* WHAT YOU ARE ASKED TO DO:
Return the line containing "Beau Today Shoes" and every line beneath it through the end of the entries below, unchanged. Pictures stay out.

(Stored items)
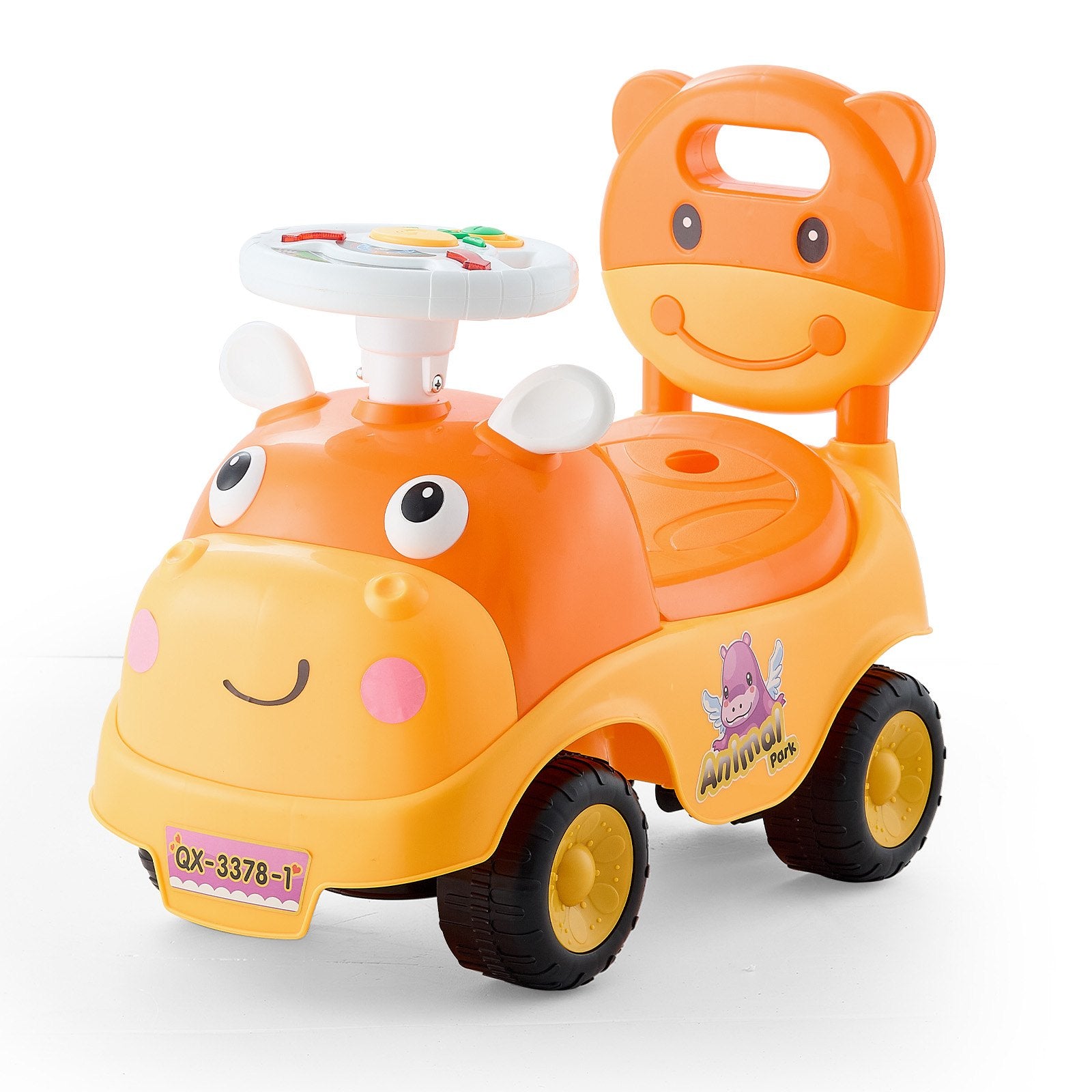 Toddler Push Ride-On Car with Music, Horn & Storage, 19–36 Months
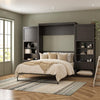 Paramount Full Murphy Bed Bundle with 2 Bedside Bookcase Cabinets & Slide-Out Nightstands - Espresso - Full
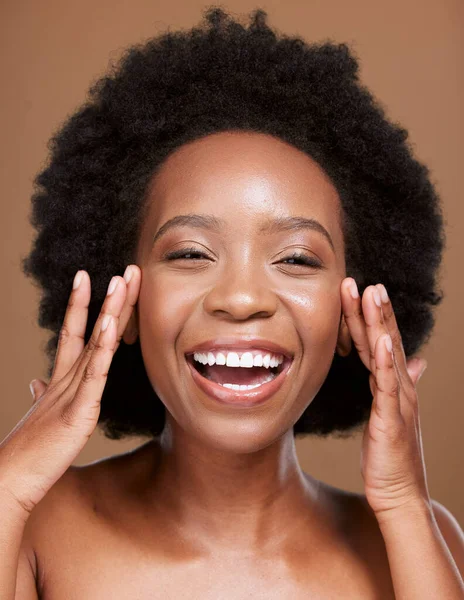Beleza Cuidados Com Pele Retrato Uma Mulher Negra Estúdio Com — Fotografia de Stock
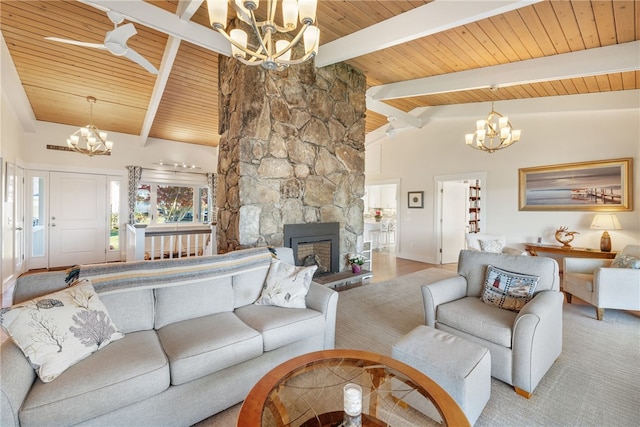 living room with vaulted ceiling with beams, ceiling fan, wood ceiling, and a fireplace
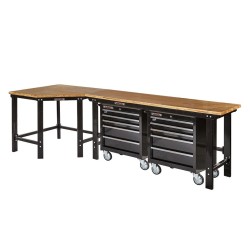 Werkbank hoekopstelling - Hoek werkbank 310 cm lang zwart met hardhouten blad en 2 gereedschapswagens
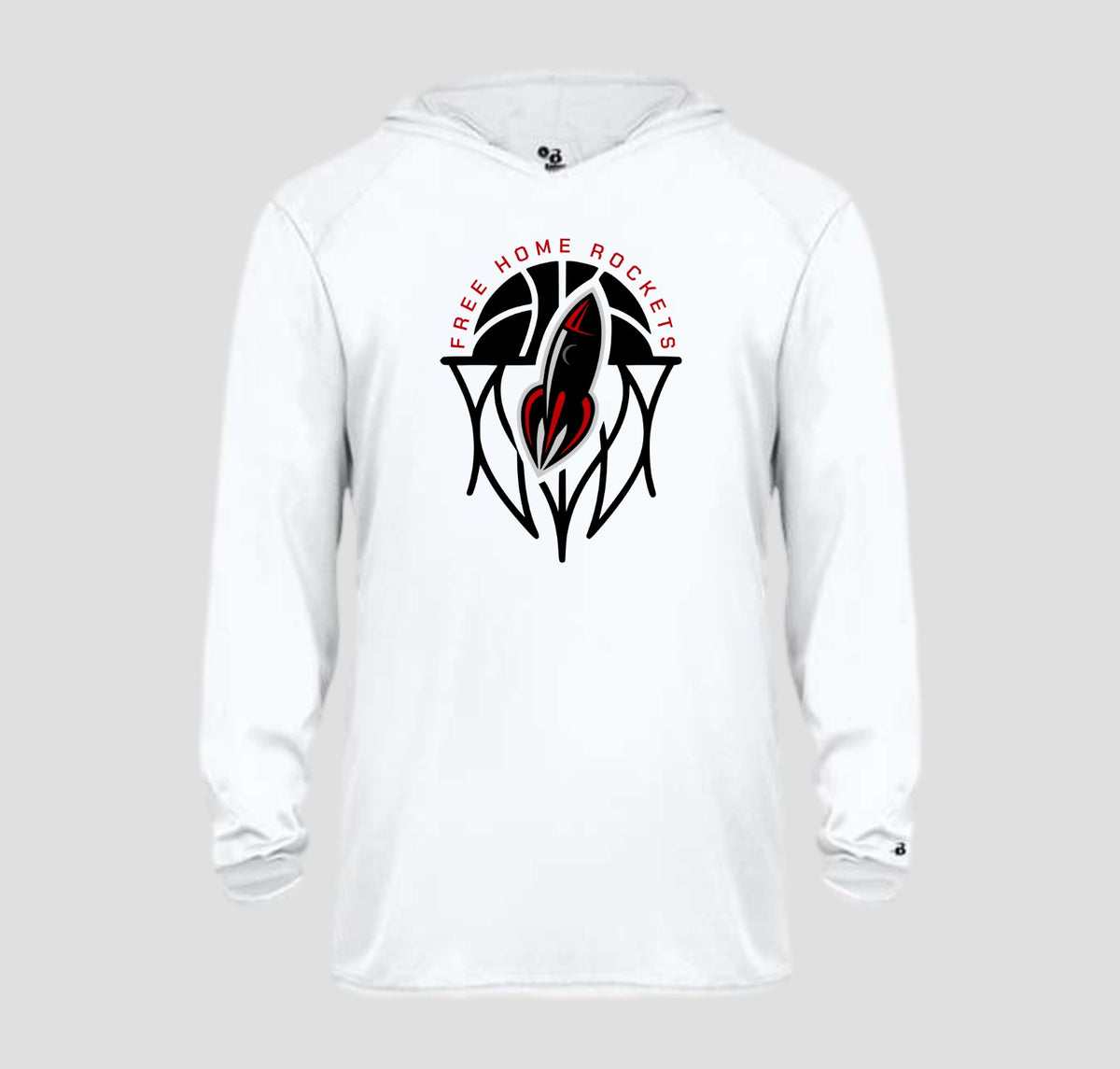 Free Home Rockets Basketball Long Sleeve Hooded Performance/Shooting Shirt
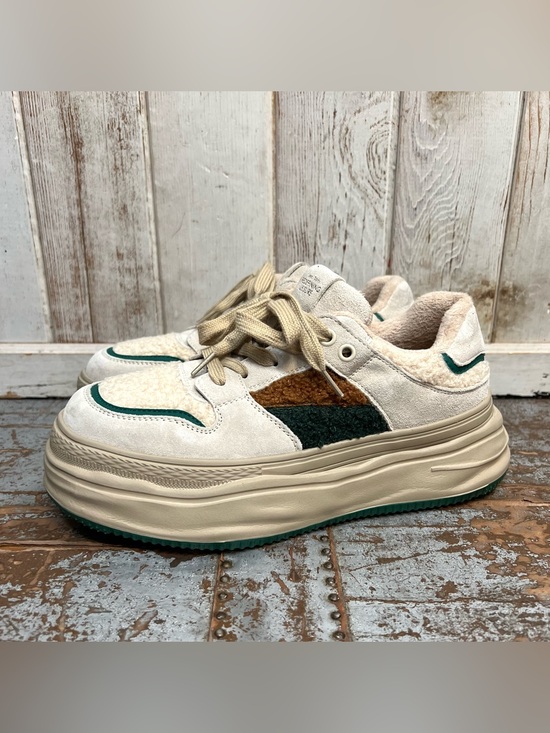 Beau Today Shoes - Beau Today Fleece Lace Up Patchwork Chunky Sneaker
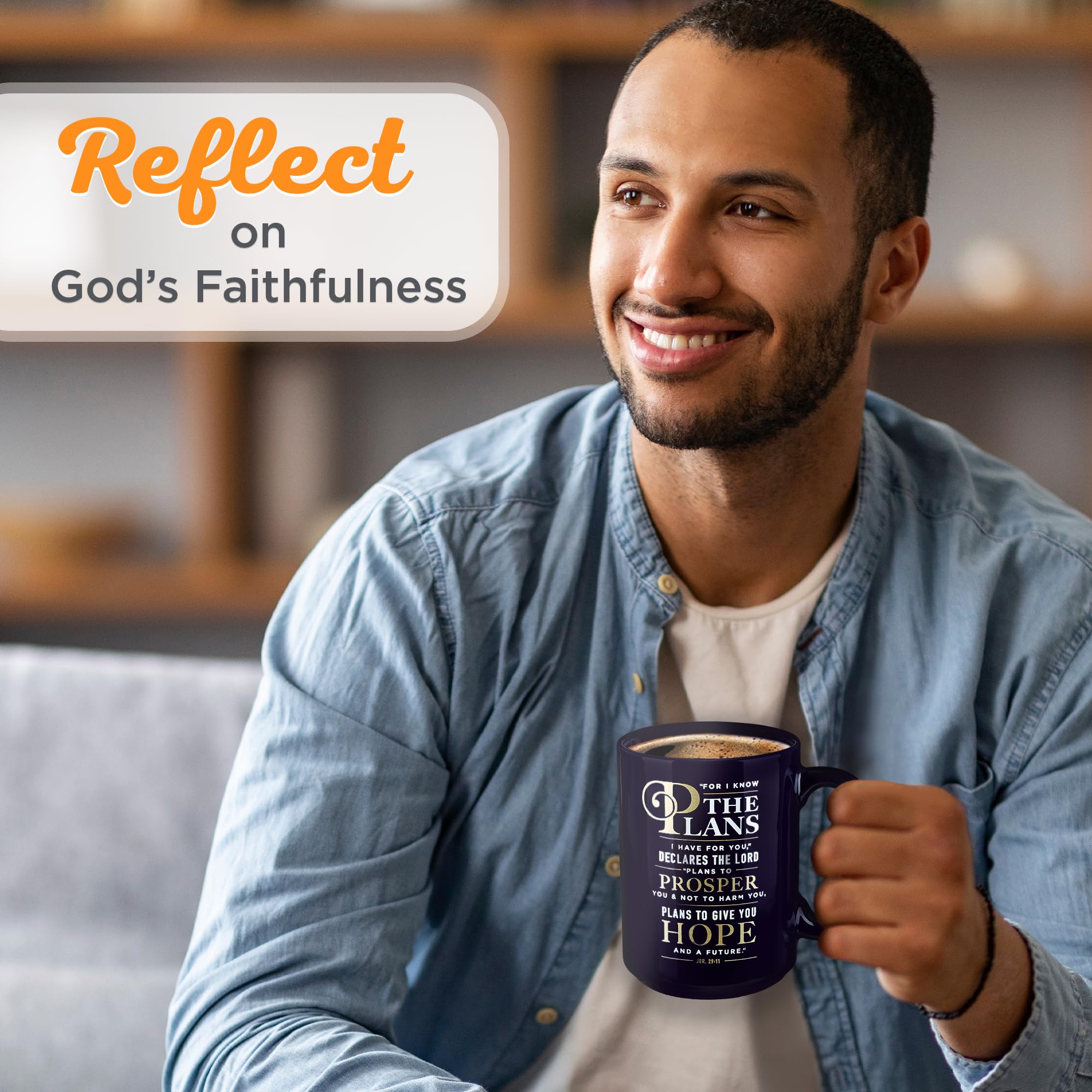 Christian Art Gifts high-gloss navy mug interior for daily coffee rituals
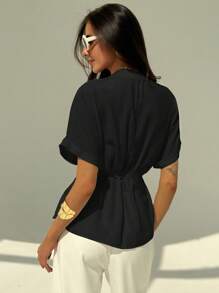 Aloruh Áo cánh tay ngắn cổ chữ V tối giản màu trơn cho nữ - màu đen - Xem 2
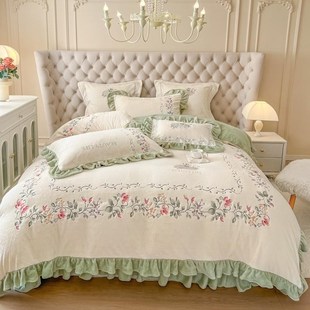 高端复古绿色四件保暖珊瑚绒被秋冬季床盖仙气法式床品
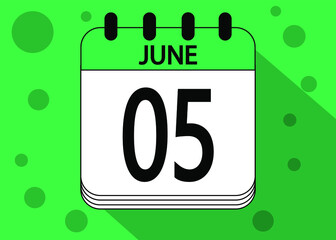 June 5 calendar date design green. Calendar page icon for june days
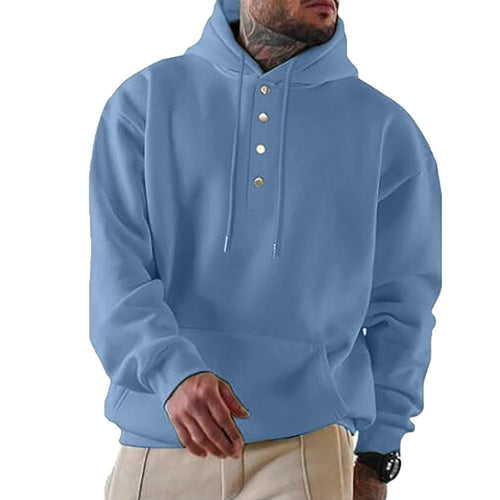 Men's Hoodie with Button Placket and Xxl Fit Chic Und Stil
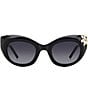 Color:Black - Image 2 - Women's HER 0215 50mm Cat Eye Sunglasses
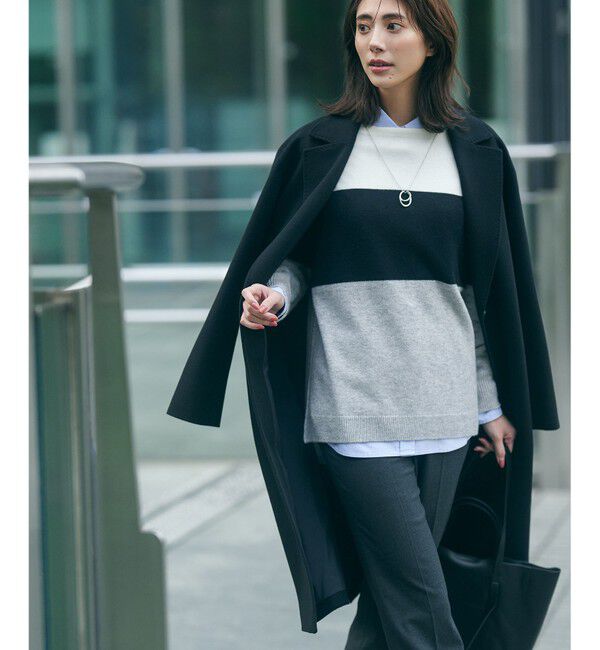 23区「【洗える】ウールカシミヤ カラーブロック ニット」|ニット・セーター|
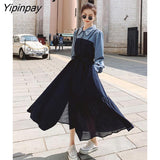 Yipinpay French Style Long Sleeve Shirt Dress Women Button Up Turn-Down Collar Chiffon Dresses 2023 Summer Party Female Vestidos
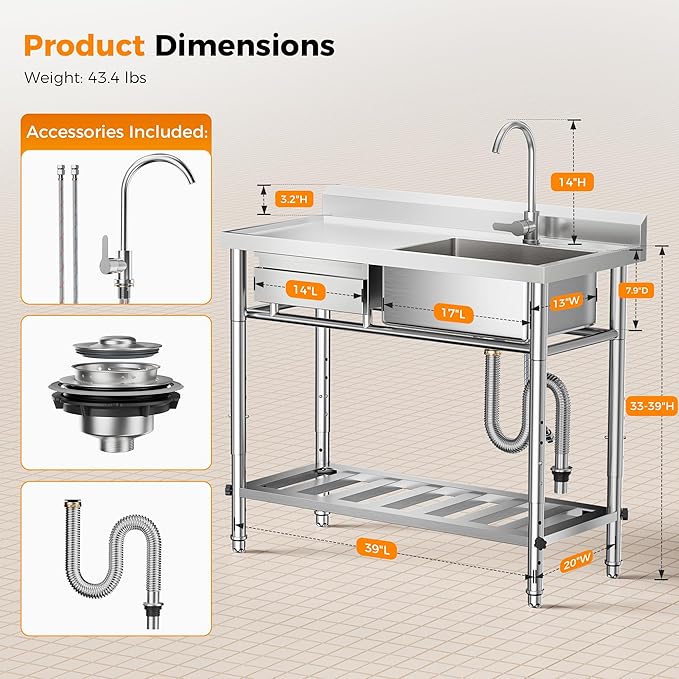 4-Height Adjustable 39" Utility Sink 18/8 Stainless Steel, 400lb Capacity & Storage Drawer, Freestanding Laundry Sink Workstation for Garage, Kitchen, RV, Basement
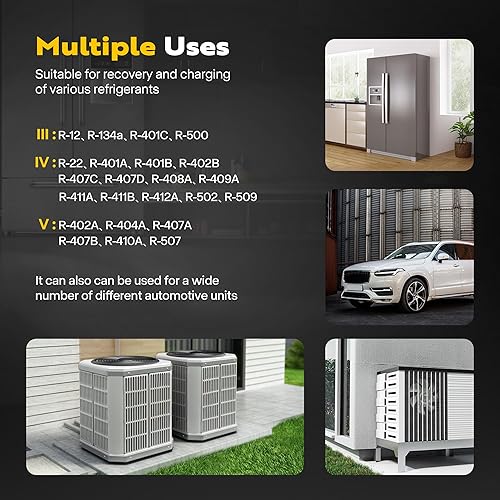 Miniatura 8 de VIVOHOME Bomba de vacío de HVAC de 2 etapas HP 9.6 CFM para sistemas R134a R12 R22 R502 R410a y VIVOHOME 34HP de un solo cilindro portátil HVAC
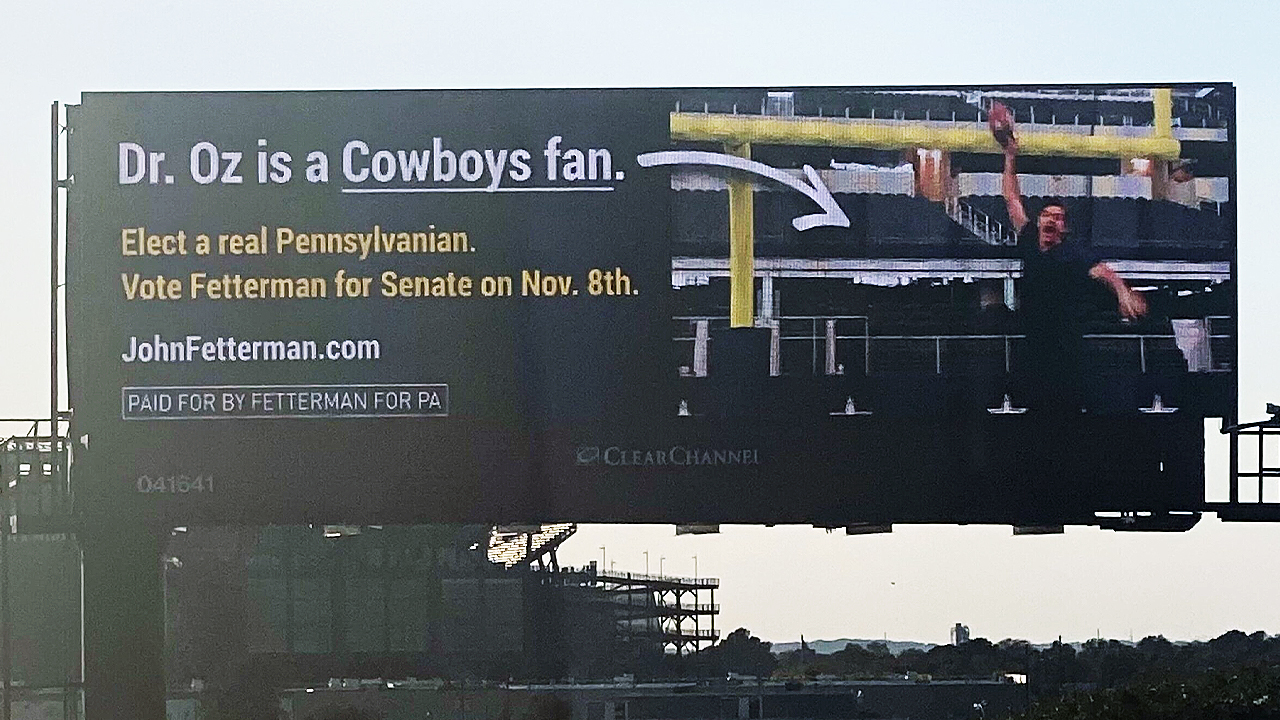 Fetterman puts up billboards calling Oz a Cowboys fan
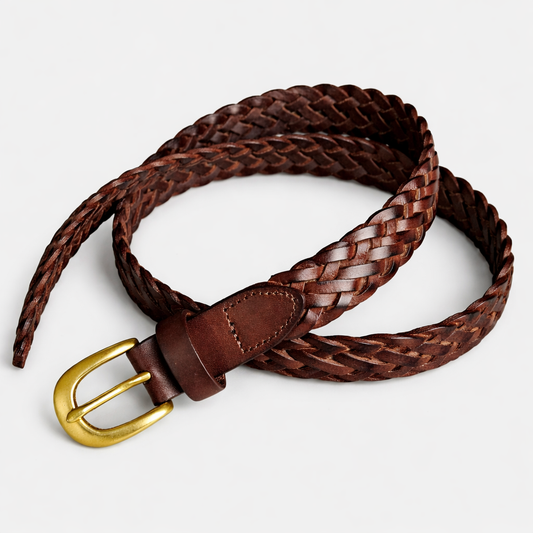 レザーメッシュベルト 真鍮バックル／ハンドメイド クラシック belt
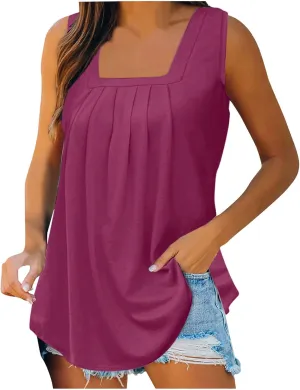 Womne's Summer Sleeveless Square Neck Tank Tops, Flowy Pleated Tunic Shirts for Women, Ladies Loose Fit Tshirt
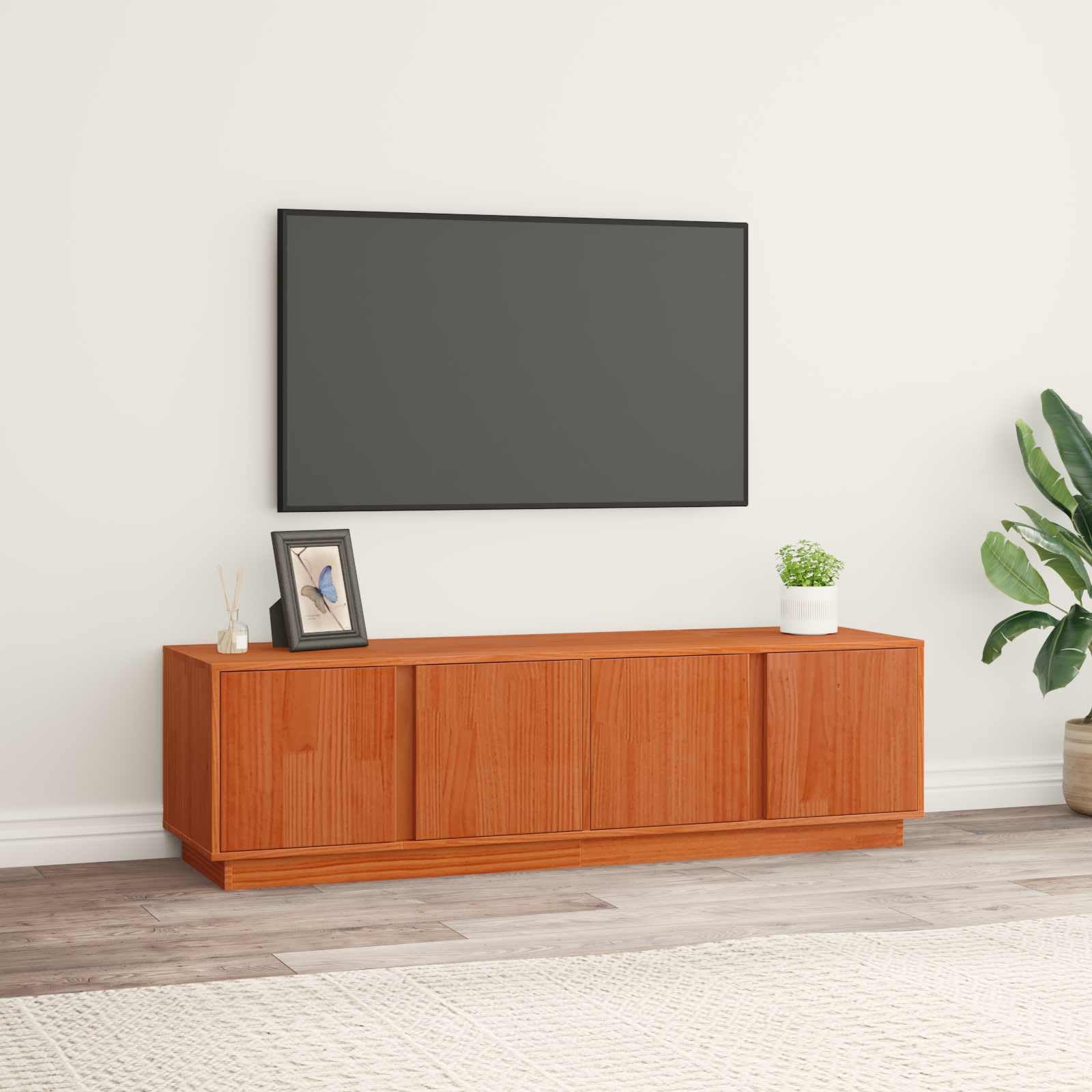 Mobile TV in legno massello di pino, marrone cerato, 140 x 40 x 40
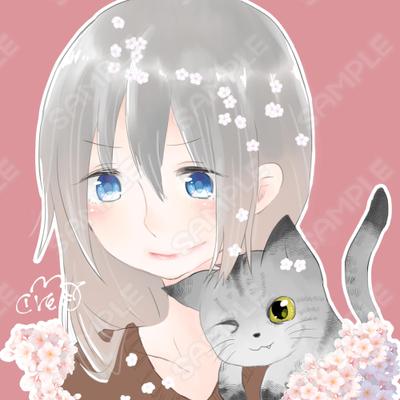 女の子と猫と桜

* RESPONSE AREA:
 Beau Today Shoes - Beau Today Fleece Lace Up Patchwork Chunky Sneaker
 Christian Art Gifts high-gloss navy mug interior for daily coffee rituals
 Aloruh Áo cánh tay ngắn cổ chữ V tối giản màu trơn cho nữ - màu đen - Xem 2
 高端复古绿色四件保暖珊瑚绒被秋冬季床盖仙气法式床品
 June 5 calendar date design green. Calendar page icon for june days
 Men's Hoodie with Button Placket and Xxl Fit Chic Und Stil
 Color:Black - Image 2 - Women's HER 0215 50mm Cat Eye Sunglasses
 23区「【洗える】ウールカシミヤ カラーブロック ニット」|ニット・セーター|
 Yipinpay French Style Long Sleeve Shirt Dress Women Button Up Turn-Down Collar Chiffon Dresses 2023 Summer Party Female Vestidos
 4-Height Adjustable 39" Utility Sink 18/8 Stainless Steel, 400lb Capacity & Storage Drawer, Freestanding Laundry Sink Workstation for Garage, Kitchen, RV, Basement
 Miniatura 8 de VIVOHOME Bomba de vacío de HVAC de 2 etapas HP 9.6 CFM para sistemas R134a R12 R22 R502 R410a y VIVOHOME 34HP de un solo cilindro portátil HVAC
 Fetterman puts up billboards calling Oz a Cowboys fan
 レザーメッシュベルト 真鍮バックル／ハンドメイド クラシック belt
 Womne's Summer Sleeveless Square Neck Tank Tops, Flowy Pleated Tunic Shirts for Women, Ladies Loose Fit Tshirt
 Mobile TV in legno massello di pino, marrone cerato, 140 x 40 x 40
 女の子と猫と桜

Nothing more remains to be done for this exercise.